A higher score indicates a better performance.

---

## Problem Overview

The challenge is centered on converting structural chemical images into their corresponding InChI textual representations. Key details include:

- **Data Files:**  
  - Files: `train.csv`, `valid.csv`, and `test.csv`  
  - Contents: Each CSV contains three columns: `image_id`, `InChI`, and `SMILES`.

- **Image Repository:**  
  - All images are stored in the `images` folder, and filenames match the `image_id` values present in the CSV files.

- **Interface File:**  
  - The entry point for your solution is defined in `deepevolve_interface.py`.

---

## Evaluation Metric

The performance of your solution is measured by:

$$
\text{Score} = 1 - \text{mean Levenshtein distance}
$$

This metric rewards submissions that minimize the average edit distance between the predicted and actual InChI strings.

---

## Initial Method Proposal: ResNet+GRU

### Overview

The proposed method, titled **ResNet+GRU**, formulates molecular translation as an image-to-sequence problem.

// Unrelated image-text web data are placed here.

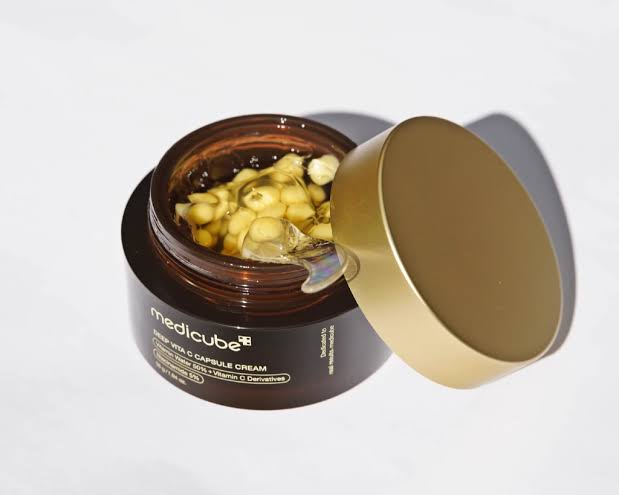 Deep vitamin C medicube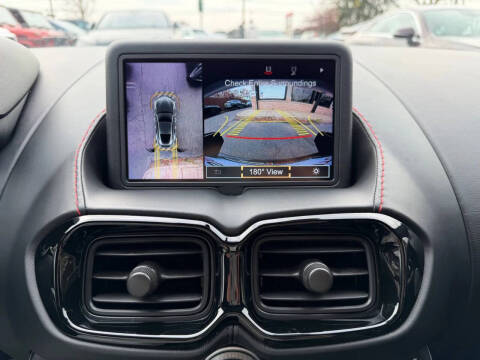 2019 Aston Martin Vantage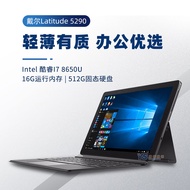 DELL/DELL Laptop Tablet 2 in 1 Windows System 12 Inch Portable Business Office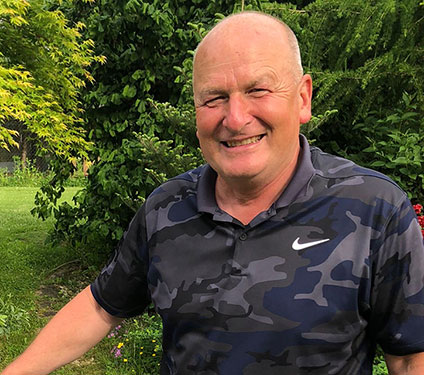 Daniel - zriaďovateľ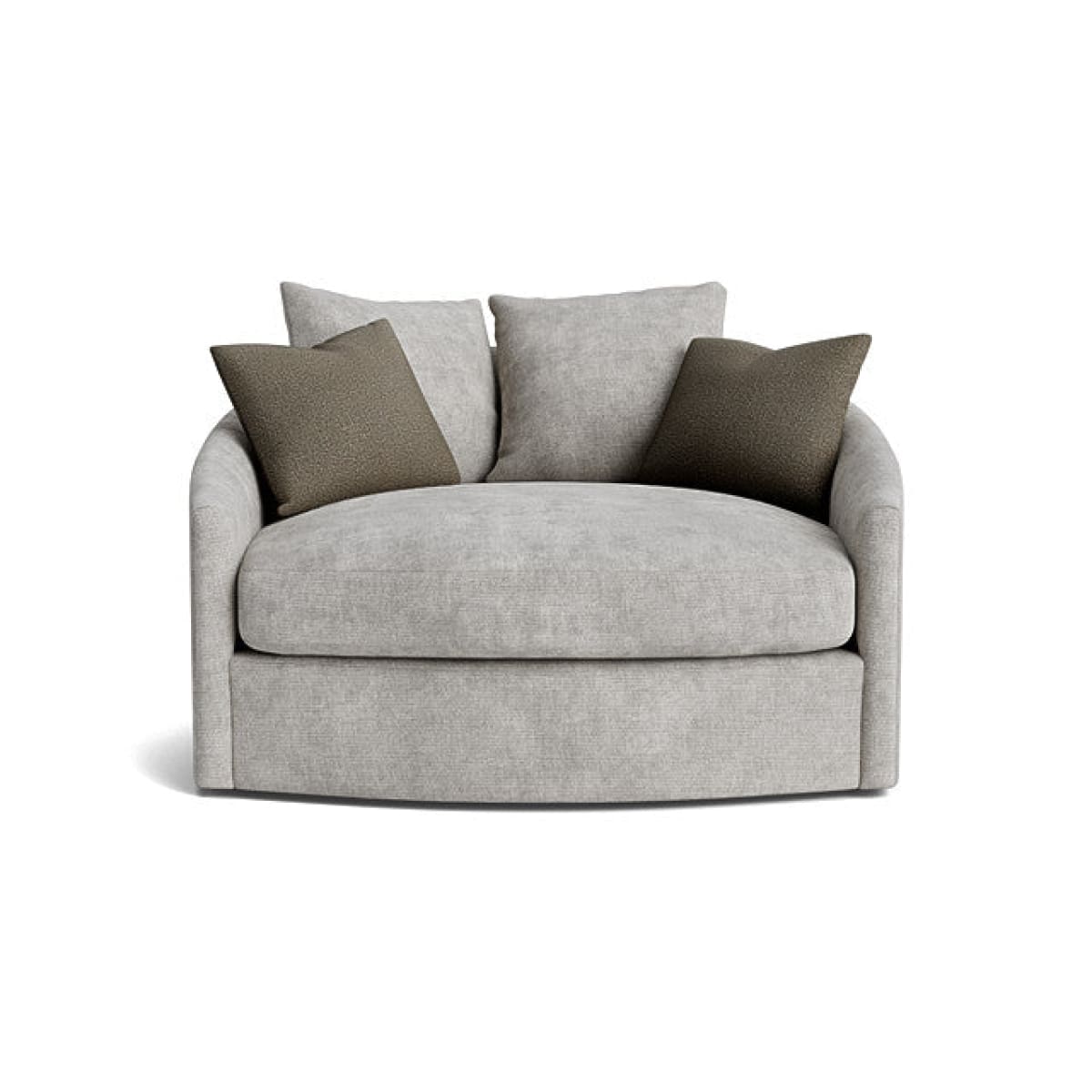 Escape Accent Chair - Husky Grey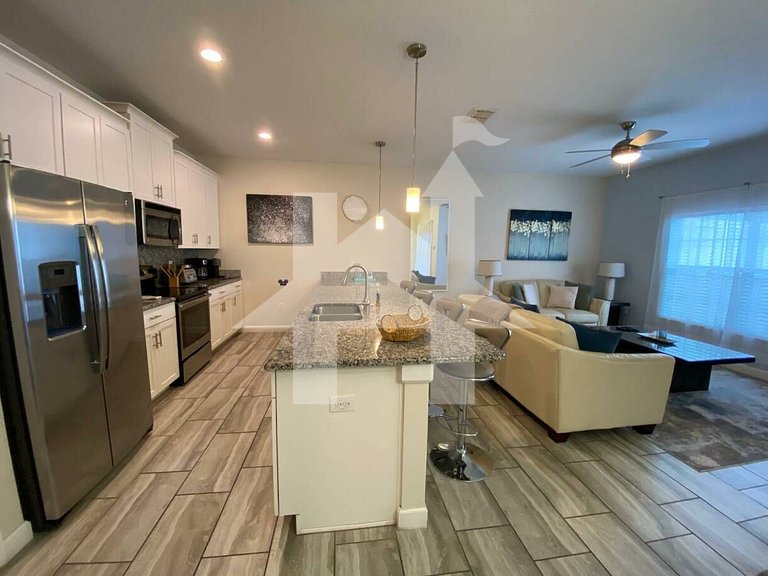 Sua Casa em Orlando com Piscina Privativa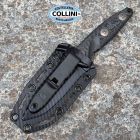Microtech - Socom Alpha Mini S-E Knife - Signature Series - Black DLC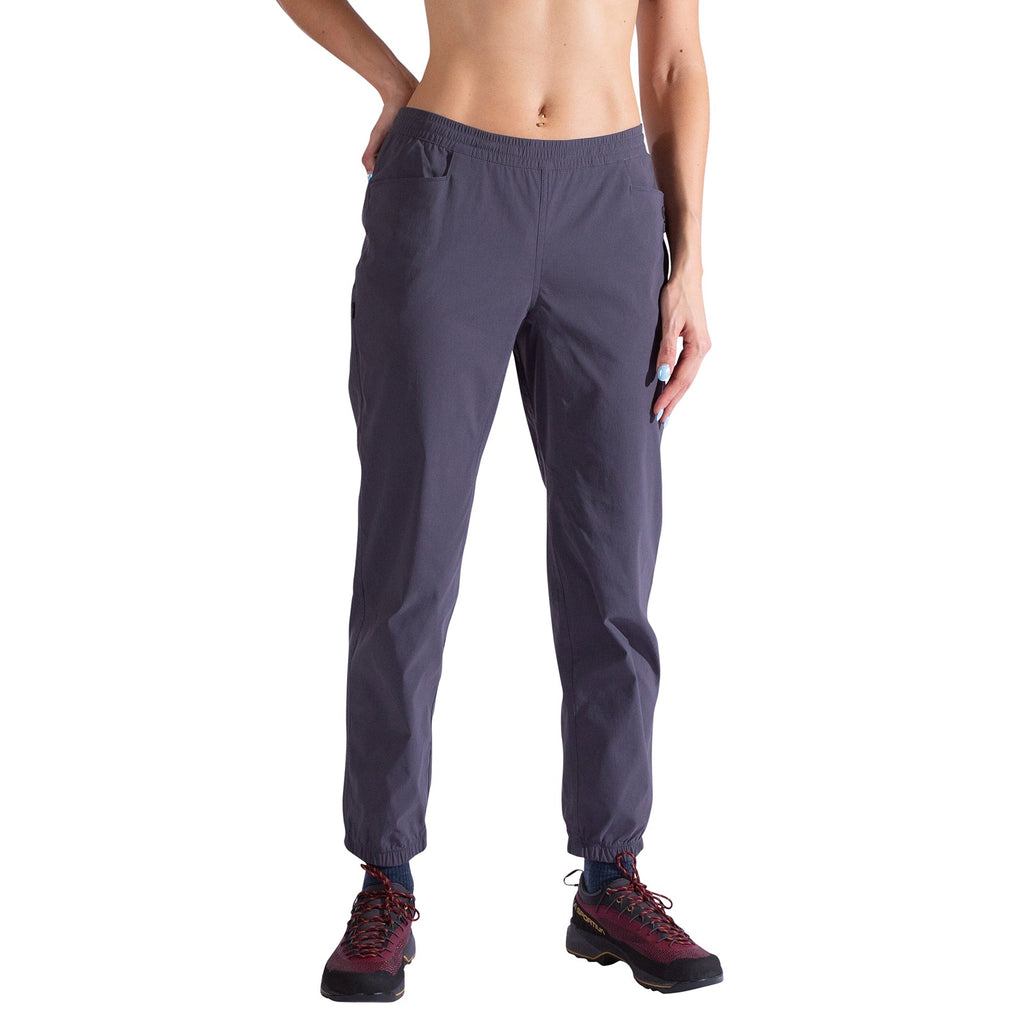 Pantalon Gambit femme Onyx Alt View #1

The approach involves leveraging a deep convolutional network and a recurrent decoder to accurately convert chemical imagery into InChI strings.

### Method Details

1. **Visual Feature Extraction:**  
   - A deep convolutional backbone (e.g., ResNet) processes each image to extract a fixed-length feature vector.

2. **Recurrent Decoding:**  
   - This feature vector initializes a GRU (Gated Recurrent Unit) decoder.
   - The decoder generates the InChI string one character at a time.

3. **Character-Level Vocabulary:**  
   - The model constructs a character-level vocabulary that includes special tokens for start, end, and padding.

4. **Training Objective:**  
   - The network is trained end-to-end using cross-entropy loss, aligning the predicted sequence with the true InChI token sequence.
   - The loss function is defined as:

     $$
     \mathcal{L} = - \sum_{t=1}^{T} \log P(y_t | y_{<t}, \mathbf{x})
     $$

     where:
     - \( \mathbf{x} \) represents the image features,
     - \( y_t \) is the token at time step \( t \),
     - \( T \) is the total length of the sequence.

5. **Stabilization Techniques:**  
   - The training process incorporates decoder dropout, gradient clipping, and a cosine learning-rate schedule.
   - Model checkpoints are selected based on the validation edit distance between the generated and reference InChI strings.

6. **Decoding:**  
   - At test time, a greedy decoding strategy is employed until the end marker is reached, ensuring full InChI string recovery.

### Supplementary Material

For an in-depth starter guide and additional implementation insights, please refer to the following notebook:

[InChI ResNet LSTM with Attention Starter Notebook](https://www.kaggle.com/code/yasufuminakama/inchi-resnet-lstm-with-attention-starter/notebook)

---

## Getting Started

1. **Clone the Repository:**  
   Clone the project repository to your local machine.

2. **Review the Interface:**  
   Examine the `deepevolve_interface.py` file to understand the required input and output formats for your solution.

3. **Dataset Familiarization:**  
   Understand the dataset structure by reviewing `train.csv`, `valid.csv`, and `test.csv`, and inspect the images in the `images` folder.

4. **Develop & Test:**  
   Implement your model based on your preferred machine learning framework. Ensure your solution adheres to the contest guidelines and evaluation protocol.